>>>>

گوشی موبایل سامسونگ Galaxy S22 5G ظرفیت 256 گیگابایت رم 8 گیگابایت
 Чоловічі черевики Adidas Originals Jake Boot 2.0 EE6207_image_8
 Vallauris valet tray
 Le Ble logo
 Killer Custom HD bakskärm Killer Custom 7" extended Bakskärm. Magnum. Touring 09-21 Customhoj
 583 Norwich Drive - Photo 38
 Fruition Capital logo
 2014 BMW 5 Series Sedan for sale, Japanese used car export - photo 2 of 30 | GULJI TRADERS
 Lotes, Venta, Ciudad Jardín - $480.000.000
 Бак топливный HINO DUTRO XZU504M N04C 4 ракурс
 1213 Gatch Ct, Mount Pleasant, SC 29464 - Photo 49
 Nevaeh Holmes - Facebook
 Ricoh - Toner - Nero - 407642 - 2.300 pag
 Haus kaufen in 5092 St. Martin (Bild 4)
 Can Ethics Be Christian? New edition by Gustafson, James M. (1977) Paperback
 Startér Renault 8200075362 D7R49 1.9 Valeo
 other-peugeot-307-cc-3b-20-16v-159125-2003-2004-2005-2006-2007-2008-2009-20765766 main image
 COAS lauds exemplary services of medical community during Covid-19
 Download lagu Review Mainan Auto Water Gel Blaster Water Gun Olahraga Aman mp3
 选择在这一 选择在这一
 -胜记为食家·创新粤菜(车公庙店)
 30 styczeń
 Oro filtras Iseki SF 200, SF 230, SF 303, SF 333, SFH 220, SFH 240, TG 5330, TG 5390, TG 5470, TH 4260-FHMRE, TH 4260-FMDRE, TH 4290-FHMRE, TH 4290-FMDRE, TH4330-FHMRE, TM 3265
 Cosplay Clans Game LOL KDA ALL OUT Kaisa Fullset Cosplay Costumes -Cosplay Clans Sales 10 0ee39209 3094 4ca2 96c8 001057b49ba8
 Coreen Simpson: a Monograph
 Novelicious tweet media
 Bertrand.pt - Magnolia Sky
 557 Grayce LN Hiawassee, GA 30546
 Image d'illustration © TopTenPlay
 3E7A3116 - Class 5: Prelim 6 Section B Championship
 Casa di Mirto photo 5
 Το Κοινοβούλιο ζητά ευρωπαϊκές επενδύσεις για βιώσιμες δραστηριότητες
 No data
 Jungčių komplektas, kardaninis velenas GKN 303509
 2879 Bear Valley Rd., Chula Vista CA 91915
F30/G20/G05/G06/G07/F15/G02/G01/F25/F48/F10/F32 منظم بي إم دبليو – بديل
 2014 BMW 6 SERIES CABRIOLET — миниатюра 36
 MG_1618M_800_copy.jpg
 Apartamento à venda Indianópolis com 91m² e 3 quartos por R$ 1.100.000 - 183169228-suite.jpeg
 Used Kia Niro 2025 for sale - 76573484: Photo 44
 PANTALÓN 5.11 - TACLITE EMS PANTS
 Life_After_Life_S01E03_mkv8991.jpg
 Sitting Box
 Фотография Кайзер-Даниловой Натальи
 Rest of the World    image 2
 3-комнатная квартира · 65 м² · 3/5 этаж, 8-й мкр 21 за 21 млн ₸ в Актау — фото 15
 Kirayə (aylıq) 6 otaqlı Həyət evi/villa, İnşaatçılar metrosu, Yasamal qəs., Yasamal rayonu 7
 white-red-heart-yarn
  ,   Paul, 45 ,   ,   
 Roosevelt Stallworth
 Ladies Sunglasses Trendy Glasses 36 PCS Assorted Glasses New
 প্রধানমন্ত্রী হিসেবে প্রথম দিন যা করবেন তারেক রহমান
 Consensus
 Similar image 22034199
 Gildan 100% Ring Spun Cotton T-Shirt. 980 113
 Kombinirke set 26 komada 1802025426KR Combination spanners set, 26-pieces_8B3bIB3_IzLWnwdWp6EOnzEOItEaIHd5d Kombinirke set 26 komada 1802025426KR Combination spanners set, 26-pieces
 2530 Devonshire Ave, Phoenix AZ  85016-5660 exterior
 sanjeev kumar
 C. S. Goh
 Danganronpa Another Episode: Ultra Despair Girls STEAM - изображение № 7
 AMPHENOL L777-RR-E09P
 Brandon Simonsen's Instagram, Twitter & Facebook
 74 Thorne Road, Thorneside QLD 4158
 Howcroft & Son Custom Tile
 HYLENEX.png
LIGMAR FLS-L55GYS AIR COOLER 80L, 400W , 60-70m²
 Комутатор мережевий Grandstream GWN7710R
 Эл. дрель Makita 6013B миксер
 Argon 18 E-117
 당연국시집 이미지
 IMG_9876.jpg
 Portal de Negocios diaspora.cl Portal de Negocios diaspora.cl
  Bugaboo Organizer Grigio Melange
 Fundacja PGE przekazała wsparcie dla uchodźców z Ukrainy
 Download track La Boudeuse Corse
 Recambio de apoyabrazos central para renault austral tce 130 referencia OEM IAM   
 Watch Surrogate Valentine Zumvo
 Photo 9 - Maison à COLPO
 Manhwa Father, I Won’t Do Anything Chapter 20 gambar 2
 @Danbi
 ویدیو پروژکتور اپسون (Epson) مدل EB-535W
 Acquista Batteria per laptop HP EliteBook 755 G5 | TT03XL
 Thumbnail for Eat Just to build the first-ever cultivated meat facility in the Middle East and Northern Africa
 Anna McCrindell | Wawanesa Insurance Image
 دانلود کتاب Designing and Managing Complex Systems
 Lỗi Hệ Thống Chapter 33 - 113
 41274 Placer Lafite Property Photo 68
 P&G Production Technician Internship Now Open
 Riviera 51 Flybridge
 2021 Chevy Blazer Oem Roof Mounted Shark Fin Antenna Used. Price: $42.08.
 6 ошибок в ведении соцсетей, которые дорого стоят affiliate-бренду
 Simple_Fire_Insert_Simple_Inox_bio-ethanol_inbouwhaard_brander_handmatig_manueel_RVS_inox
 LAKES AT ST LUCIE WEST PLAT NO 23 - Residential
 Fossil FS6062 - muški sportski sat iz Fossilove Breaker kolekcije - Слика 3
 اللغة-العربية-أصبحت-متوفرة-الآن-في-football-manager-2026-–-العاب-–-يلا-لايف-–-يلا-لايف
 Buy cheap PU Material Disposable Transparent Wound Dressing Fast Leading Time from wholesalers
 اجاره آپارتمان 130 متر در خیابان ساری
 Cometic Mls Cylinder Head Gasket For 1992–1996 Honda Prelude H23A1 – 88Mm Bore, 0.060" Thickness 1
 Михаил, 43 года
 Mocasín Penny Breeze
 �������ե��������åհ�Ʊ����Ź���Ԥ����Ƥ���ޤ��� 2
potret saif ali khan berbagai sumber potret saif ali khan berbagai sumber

<<<<

Among the lines above, find those with the word "Download". Copy them.

[Finished exercise]
 Download lagu Review Mainan Auto Water Gel Blaster Water Gun Olahraga Aman mp3
 Download track La Boudeuse Corse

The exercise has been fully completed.